Longmont City Council members voted 5-2 on Tuesday night to state their opposition to a proposed Colorado law that would make local governments liable for paying oil and gas mineral rights holders who lose income because of bans on local hydraulic fracturing — or "fracking" — or oil and gas moratoriums.
Councilwoman Bonnie Finley dissented from the majority, saying the measure — Windsor Republican Rep. Perry Buck's House Bill 17-1124 — "will die" anyway, in the House State Affairs Committee that's scheduled to hear it Wednesday afternoon.
So, "we don't need to take a position on it," Finley said.
Finley questioned whether mineral rights owners and royalty holders cannot already try to pursue legal action against a municipality or county that tries to impose a ban on the hydraulic fracturing process or that enacts a moratorium on oil and gas development.
Fracking is the process of injecting a mixture of sand, water and chemicals to free up underground oil and gas deposits.
But City Attorney Eugene Mei said he did not know of any current case law that's held that fracking bans or moratoriums are compensable "takings" of private property rights.
Councilman Brian Bagley said mineral rights aren't actually worth anything until oil and gas is actually taken out of the ground.
Assistant City Manager Sandra Seader said there is some concern that if Buck's bill were to become law, its requirement that local governments compensate mineral rights holders for lost income during oil and gas exploration prohibitions or moratoriums might "spill over" into other attacks on other local attempts to regulate about what kinds of oil and gas facilities are allowed within a jurisdiction, and where.
Buck said in a Monday interview that she expected the Democratic-controlled House committee to kill her bill, since she'd had two similar measures die in that committee in previous years.
Mayor Dennis Coombs, Bagley, Councilman Jeff Moore and Councilwomen Polly Christensen and Joan Peck voted to oppose Buck's bill. Councilman Gabe Santos joined Finley against taking that position.
The council's discussion of the oil and gas bill did not include a public hearing. Earlier in Tuesday night's meeting, however, during the meeting's public-comment period, Karen Dike thanked the council for considering taking a stand against the bill.
Dike, a board member of the local group Our Health, Our Future, Our Longmont, had unsuccessfully urged the council last October to impose a one-year moratorium on fracking, saying at the time that the city's 2012 oil and gas regulations need to be updated.
On Tuesday night, Dike cited recent studies that she said have shown an increase in cases of leukemia in children living in areas where fracking has occurred.
She suggested there are many things the Legislature should be doing for Coloradans and that a bill proposing oil-and-gas mineral-rights compensation should be "at the bottom of the list."
The Longmont council members were unanimous in separate Tuesday night votes stating the council's positions on several other bills pending in the Legislature.
They declared support, for example, for a bill sponsored by Sen.
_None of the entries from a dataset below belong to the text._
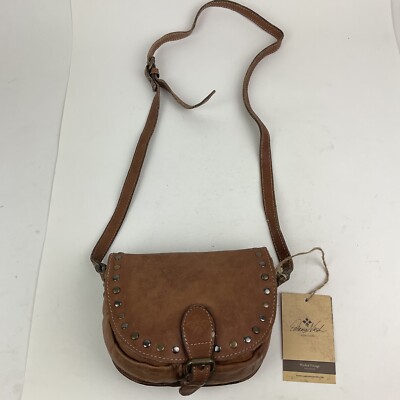 patricia nash vin dis lea flap hobo crossbody bag brown new with tags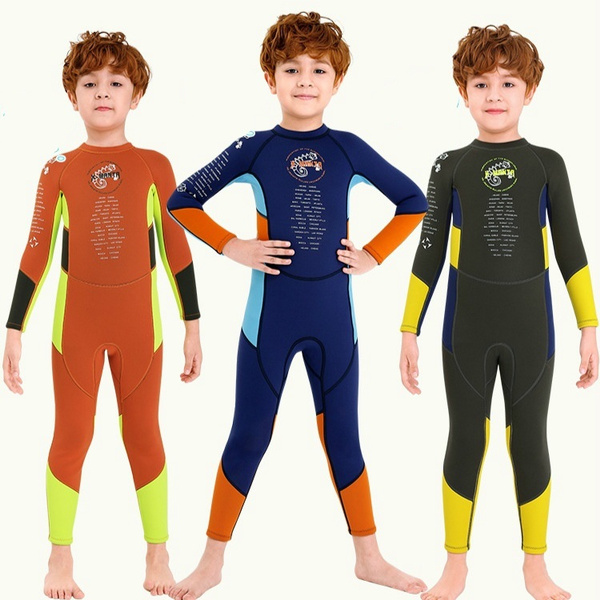 DIVE&SAIL Kids Boys Girls 2.5mm Neoprene Wetsuit Thermal One Piece Swimsuit UV Protection Rash Guard 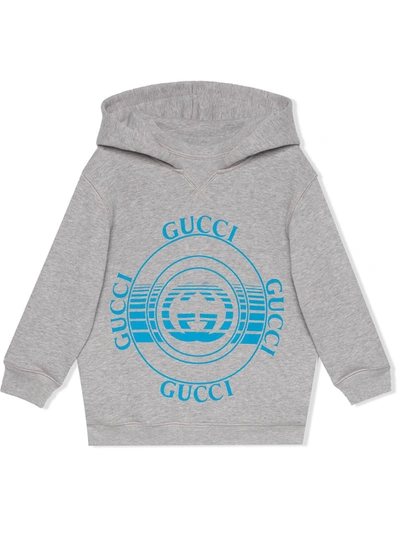 Gucci Kids' Logo印花棉质连帽卫衣 In Grey
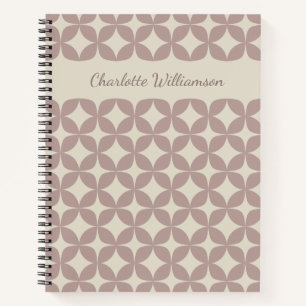 Boho Retro Geometric Shapes in Mauve Personalised Notebook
Matt Jones, D-Louisville, and Rep. Mike Foote, D-Lafayette, that would give counties four more years in which they can transfer county budgets' general-fund money into road and bridge fund accounts to help pay for ongoing expenses of repairs and replacements of roads and bridges damaged or destroyed in the September 2013 floods.
The Longmont City Council voted to support a bill that would scale back the length advisement of defendants' rights that municipal judges now must make to people appearing in court on minor traffic infractions. However, the council voted its opposition to a bill that would eliminate a municipal judge's current power to cancel the driver's license of a defendant who fails to appear in court for certain traffic-related violations or who has failed to comply with other court orders.